I first saw San Clemente in 1954 or 1955 when I went with my mother to enrol for 1955. My first impression of San Clemente was the lovely grounds, buildings and grotto not to mention the cows! It was situated in the most heavily industrialised suburb of Newcastle if not Australia, so cows were very unexpected, especially at a school. There were also large vegetable gardens as well as a tennis court.
School excursions and Shakespearian Experiences
Today the schools have many excursions local, Canberra, Snowy Mountains and Blue Mountains to name a few and even overseas. We also went on excursions in the mid 1950’s.

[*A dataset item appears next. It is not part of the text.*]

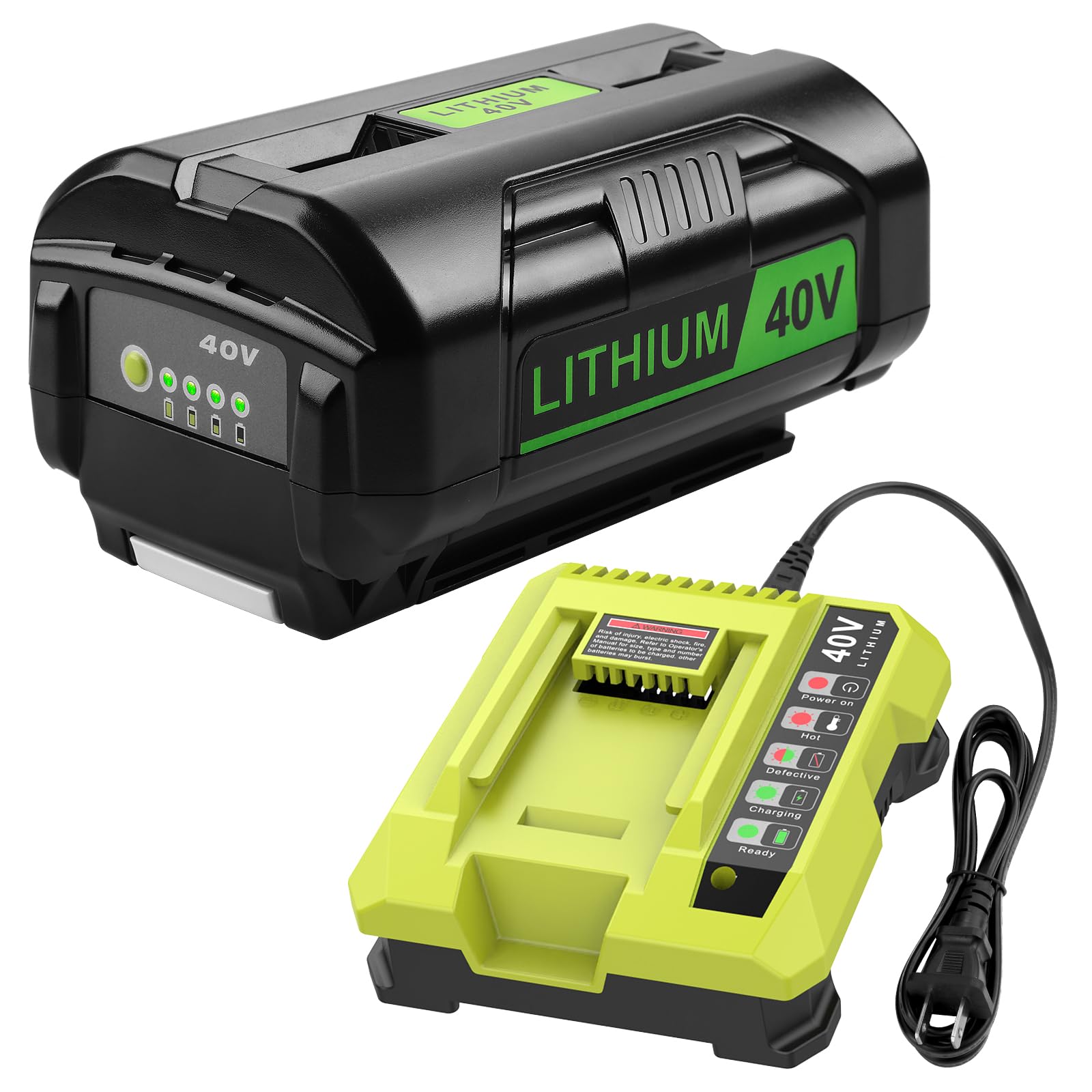 Photo 1 of Upgraded 6.0Ah Replacement for Ryobi 40V Battery and Charger Combo Compatible with Ryobi 40V Battery OP4026 OP4026A OP4050 OP4050A OP40601 OP4040 OP4030 OP4015 OP40261 OP40201, with LED Indicator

The excursion that I remember most, was to The Century Theatre at Broadmeadow Nineways, to see the movie Richard lll starring Laurence Olivier. Three classes went on this excursion, 3rd, 4th and 5th Years, most likely 5th Year were doing Richard III for their Leaving Certificate. We left the school in full uniform (hat, gloves and stockings), to walk to Broadmeadow, escorted by a couple of mothers. It was a hot day and back then we didn’t take drinking water with us as they would have done today and by the time we got there we were very hot. Maybe I wasn’t feeling in the mood for a film, I thought it was gruesome, Richard III being a Plantagenet king was not a favourite in Tudor times and Shakespeare was a man of Tudor times. The scene of Richard’s death where the nobles fell upon him was gruesome as he cried out “My kingdom for a horse” - some doubt if he actually said this. After the movie we had to find our own way home, I was feeling quite ill going home on the bus.
We had another Shakespearean excursion this time everything was different - it was “The Merchant of Venice”, which was the Play we doing for our Intermediate Certificate. Our teacher was Sister Agnes who took us through the play explaining about the characters of the play, I remember being very interested. The Merchant of Venice was playing at the Roxy Theatre, it was a live production, and it was arranged that the class could go. It was at night and we were out of uniform, our parents were responsible for taking us to and from the theatre, it was a great experience and I think we all enjoyed the play.
Our next adventure into Shakespeare was “A Midsummer Night’s Dream”, the brainwave of someone in our class. I was asked to play the fool, we had fun and it was chaotic, it most likely did not resemble the actual play. We put it during our lunch time - just 14 and 15 year old girls just having fun.
We had other excursions - one I remember was to Sandgate Cemetery Chapel on All Souls Day, which was a religious occasion. Our School during summer had swimming excursions to Newcastle Baths, a bus would take us there and we would catch our buses home afterwards. It was just swimming as we didn’t have carnivals (that came later) and nothing was organized, we just enjoyed a day out of school. I don’t think any other Girls Catholic High Schools had swimming days at that time.
School Dances during this period of time were interesting. My first two “St Dominic’s Day Dances”, we had no boys and had to dance with each other which didn’t excite us too much, although it was a social outing. We were told of a School dance before we started High School when the girls had to dance with brooms, which they dressed up! Thankfully, we were spared that. In my Intermediate Year, there was change in the air as the Rock and Roll period had started and a young man from Memphis named Elvis Presley was on the scene; and we wanted boys to dance with. The 4th Year girls led the charge, the poor nuns relented - I can imagine the discussions the nuns had at night. The Marist Brother’s School boys were invited. We had to dress modestly, hems correct with no low necklines or sleeveless dresses. We all had to show up before the dance to be inspected to be sure that we were dressed correctly. I can’t remember what the dance in the school hall was like except that I had a good time.
I admired some of the nuns’ dedication. At the school there were two old trams which were used for various things such as Speech (elocution lessons) also classes were held there on a couple of weekends for craft. It didn’t cost our parents anything except a small charge for the equipment we used. I did leatherwork and Sister Agnes instructed my class. Other girls did screen painting on material up in the assembly room in the school. We just wore casual dress to these lessons. I enjoyed these classes and appreciated the time the nuns gave to us after teaching us all week. Our Director of Studies was Sister Diana Mary, the girls would talk about her University Degrees and how clever she was. Although she didn’t teach me she knew who I was and mostly likely everyone else. I remember seeing her in the school grounds sitting in a quiet corner during sport helping a girl who was struggling with her schoolwork, such was her dedication.